The proposed amendments (i) increase the maximum loan amount from 97% to 100% of the lesser of the sales price or appraised value for all programs other than the Flexible Alternative Program; (ii) in the FHA Plus Program increase the maximum second loan amount from 3.0% to 5.0% of the lesser of sales price or appraised value and further clarify that, in determining the maximum combined loan amount of the first and second loans, the closing costs and fees to be included must be closing costs and fees paid by the borrower; (iii) in the Flexible Alternative Program provide that the authority may increase the maximum gross income from 120% of the applicable median family income to up to 150%, if determined to be necessary to provide financing in underserved areas, to people with disabilities, to applicants with household size of two or more, or other similarly underserved individuals; and (iv) in the Flexible Alternative Program provide that the authority may offer the borrower alternative pricing options with fewer points than currently required, provided the financial integrity of the program is protected by an adjustment to the interest rate or otherwise.

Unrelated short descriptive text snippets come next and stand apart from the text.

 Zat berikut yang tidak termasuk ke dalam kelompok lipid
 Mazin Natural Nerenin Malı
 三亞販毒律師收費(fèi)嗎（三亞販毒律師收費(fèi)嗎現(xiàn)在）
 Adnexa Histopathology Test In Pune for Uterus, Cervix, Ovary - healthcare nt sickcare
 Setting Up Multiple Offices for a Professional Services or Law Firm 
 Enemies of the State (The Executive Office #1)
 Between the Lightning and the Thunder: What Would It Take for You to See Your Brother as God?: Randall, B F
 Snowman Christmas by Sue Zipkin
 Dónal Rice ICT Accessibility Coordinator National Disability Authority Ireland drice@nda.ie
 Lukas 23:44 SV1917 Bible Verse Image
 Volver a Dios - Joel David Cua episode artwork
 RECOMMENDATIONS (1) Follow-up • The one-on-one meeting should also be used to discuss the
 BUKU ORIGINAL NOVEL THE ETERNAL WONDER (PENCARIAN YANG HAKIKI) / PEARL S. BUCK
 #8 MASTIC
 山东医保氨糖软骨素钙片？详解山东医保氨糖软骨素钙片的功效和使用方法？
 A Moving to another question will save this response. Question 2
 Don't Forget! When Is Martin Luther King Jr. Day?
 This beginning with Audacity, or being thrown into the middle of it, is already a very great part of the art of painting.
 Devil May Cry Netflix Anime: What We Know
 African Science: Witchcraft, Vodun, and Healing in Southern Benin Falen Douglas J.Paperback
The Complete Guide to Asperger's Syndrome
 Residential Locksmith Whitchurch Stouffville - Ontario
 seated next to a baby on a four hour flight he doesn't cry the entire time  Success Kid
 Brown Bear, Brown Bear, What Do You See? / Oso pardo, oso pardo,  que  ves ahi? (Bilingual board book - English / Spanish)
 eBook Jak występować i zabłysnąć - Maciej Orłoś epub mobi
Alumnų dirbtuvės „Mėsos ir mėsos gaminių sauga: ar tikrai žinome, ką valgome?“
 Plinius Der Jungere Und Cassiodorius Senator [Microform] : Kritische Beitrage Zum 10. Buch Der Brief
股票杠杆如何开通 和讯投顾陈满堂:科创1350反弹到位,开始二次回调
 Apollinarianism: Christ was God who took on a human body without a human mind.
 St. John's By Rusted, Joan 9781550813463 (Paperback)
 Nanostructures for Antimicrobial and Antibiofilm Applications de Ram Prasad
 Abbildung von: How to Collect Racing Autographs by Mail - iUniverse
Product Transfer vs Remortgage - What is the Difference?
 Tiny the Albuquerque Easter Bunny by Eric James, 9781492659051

13 VAC 10-40-110. Calculation of maximum loan amount.

Single family detached residence, townhouse (fee simple ownership) and approved condominium--Maximum of 97 100% (or, in the case of an FHA, VA, Rural Development loan or a loan with private mortgage insurance, such other percentage as may be permitted by FHA, VA, Rural Development or the private mortgage insurance provider) of the lesser of the sales price or appraised value, except as may otherwise be approved by the authority.

In the case of an FHA, VA or Rural Development loan, the FHA, VA or Rural Development insurance fees or guarantee fees charged in connection with such loan (and, if an FHA loan, the FHA permitted closing costs as well) may be included in the calculation of the maximum loan amount in accordance with applicable FHA, VA or Rural Development requirements; provided, however, that in no event shall this revised maximum loan amount which includes such fees and closing costs be permitted to exceed the authority's maximum allowable sales price limits set forth herein.

13 VAC 10-40-220. FHA plus program.

A. Notwithstanding anything to the contrary herein, the authority may make loans secured by second deed of trust liens ("second loans") to provide downpayment and closing cost assistance to eligible borrowers who are obtaining FHA loans secured by first deed of trust liens. Second loans shall not be available to a borrower if the FHA loan is being made under the FHA buydown program or is subject to a step adjustment in the interest rate thereon or is subject to a reduced interest rate due to the financial support of the authority.

B. The second loans shall not be insured by mortgage insurance; accordingly, the requirements of 13 VAC 10-40-120 regarding mortgage insurance shall not be applicable to the second loan.

C. The requirements of 13 VAC 10-40-110 regarding calculation of maximum loan amount shall not be applicable to the second loan. In order to be eligible for a second loan, the borrower must obtain an FHA loan for the maximum loan amount permitted by FHA. The principal amount of the second loan shall not exceed 3.0 5.0% of the lesser of the sales price or appraised value.

In no event shall the combined FHA loan and the second loan amount exceed (i) the sum of the lesser of the sales price or appraised value plus closing costs and fees to be paid by borrower or (ii) the authority's maximum allowable sales price.

Verified liquid funds (funds other than gifts, loans or retirement accounts) in an amount not less than 1.0% of the sales price must be: (i) contributed by the borrower towards closing costs or prepaid items; (ii) retained by the borrower as cash reserves after closing; or (iii) contributed and retained by the borrower for the purposes of clauses (i) and (ii), respectively. At the closing, the borrower may not receive any loan proceeds in excess of the amount of funds paid by the borrower prior to closing.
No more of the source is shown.